> _Task directions_
Return the lines of the listing below exactly as they appear, beginning at the one with "TKLD Pendant &" and stopping after the one with "T-shirt unisexe streetwear"; do not include pictures.

> _Provided data_
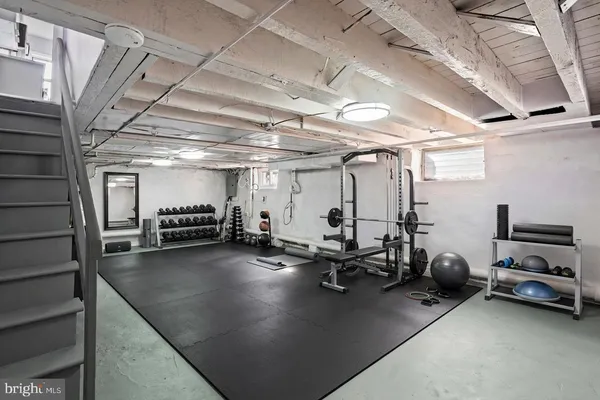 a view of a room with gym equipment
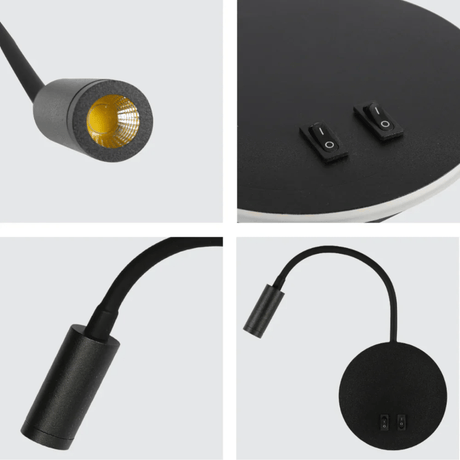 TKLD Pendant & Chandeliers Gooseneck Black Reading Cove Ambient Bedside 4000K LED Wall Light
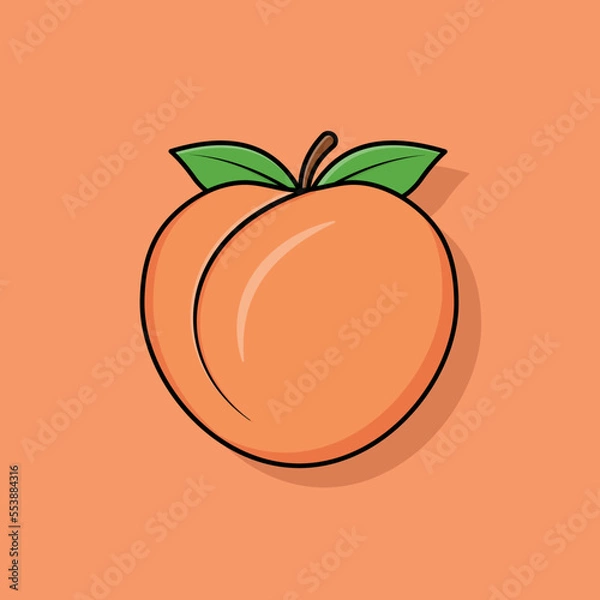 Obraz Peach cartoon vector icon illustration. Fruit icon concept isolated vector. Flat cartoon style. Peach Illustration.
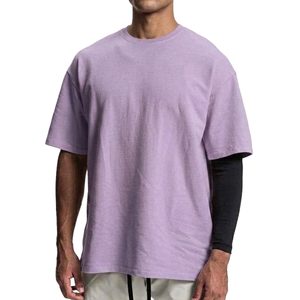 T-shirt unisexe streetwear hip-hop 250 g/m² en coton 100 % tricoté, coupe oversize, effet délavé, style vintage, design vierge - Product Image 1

...

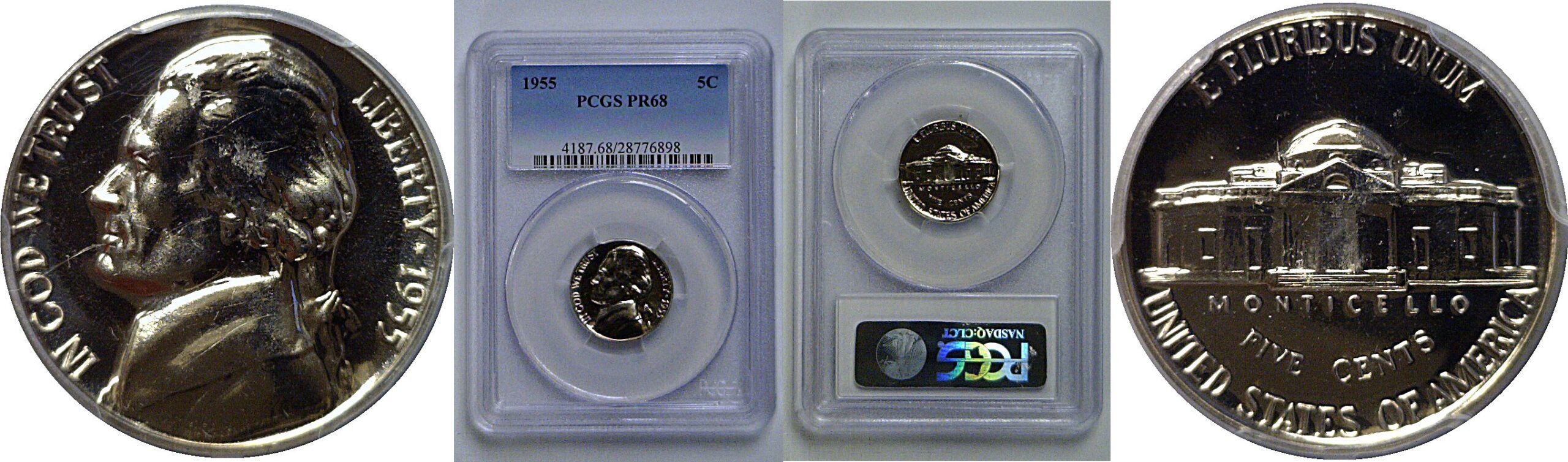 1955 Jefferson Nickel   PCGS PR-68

> _Solution_
 TKLD Pendant & Chandeliers Gooseneck Black Reading Cove Ambient Bedside 4000K LED Wall Light
 Obraz Peach cartoon vector icon illustration. Fruit icon concept isolated vector. Flat cartoon style. Peach Illustration.
 T-shirt unisexe streetwear hip-hop 250 g/m² en coton 100 % tricoté, coupe oversize, effet délavé, style vintage, design vierge - Product Image 1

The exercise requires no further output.